# Correct way to install aluminum window capping?



## DavesHammer

We had some windows replaced last week and the installer installed aluminum casing to the exterior using nails. I didn't think that was the correct way to install aluminum capping, but even if the use of nails is common practice shouldn't the nails be nailed as close to the corners of the capping as possible and not in the center of each cap?

Thanks,   Dave


----------



## glennjanie

Welcome Dave:
I wouldn't want nails in the center either but there's not much that can be done about it now. I prefer the nails hidden completely. I hope they at least used aluminum finish (painted) nails.
Glenn


----------



## DavesHammer

I spoke with the project manager and he is going to review the work and probably have them reinstall the capping.

Thanks


----------



## jaan

I need to know what the capping procedure is when capping windows with aluminum. 
Thanks


----------



## thermoklear

Aluminum capping is the WORST thing anyone can do to a window sill.  Most home owners with wood windows think they are solving a problem by having aluminum capping installed....but they are just hiding the real problem.

Exterior paints are expected to last 9 to 14 years according to paint manufactures but wood window painters think that is a joke.  Let's make some observations first by looking at the vertical and horizontal brickmolding (the wood on the sides and top of the window frame). Paint on those parts seems to last way longer than the bottom sill. But why?  Most home owners and painters say it is the effect of weathering, but why only the bottom sill and not the top of the horizontal brickmold as well.

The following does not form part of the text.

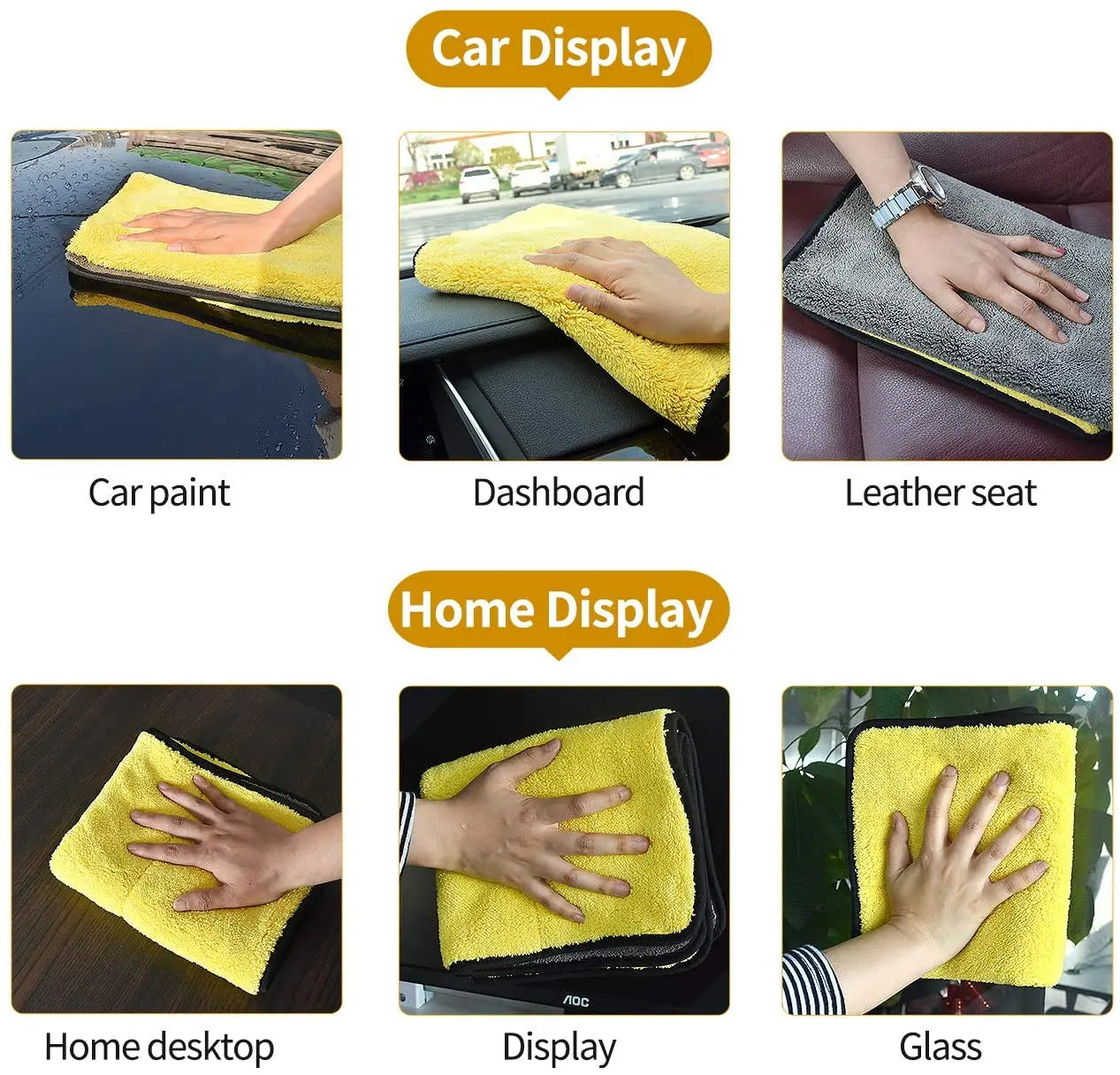 Car Wash Microfiber Towel Car Cleaning Drying Cloth Car Care Cloth Detailing Car Washtowel Never Scrat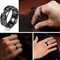 Stainless Steel Spinning Chain Ring For Men Rotating Anxiety Relief Fidget Band 1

Paint peels off the bottom sill even if the wood had a good primer applied. Why?  The only reason that paint peels is because it no longer sticks to the wood so why does the paint only lift off the sill and not the sides or top?  TOO MUCH MOISTURE IN THE WOOD.

Very few painters or home owners use a moisture meter to determine if the wood is actually dry enough to prime and paint so the paint keeps peeling off....and this is the problem that aluminum capping HIDES.  Dry and wet rot starts to occur under the capping and no one sees it until the window sinks into the dry rot or the dry rot starts to appear beyond the edge of the capping.

The reason capping does damage to the covered wood sill is because the moisture that gets into the wood comes from INSIDE the house.  Heat and water vapour are trying to escape from the house interior all winter... due to the second law of thermodynamics...heat always goes to cold, so the heat dissipates and the water vapour condenses where the water gets trapped behind the capping.

Keeping water out of the wood by painting only when the wood is dry is better and cheaper than capping.


----------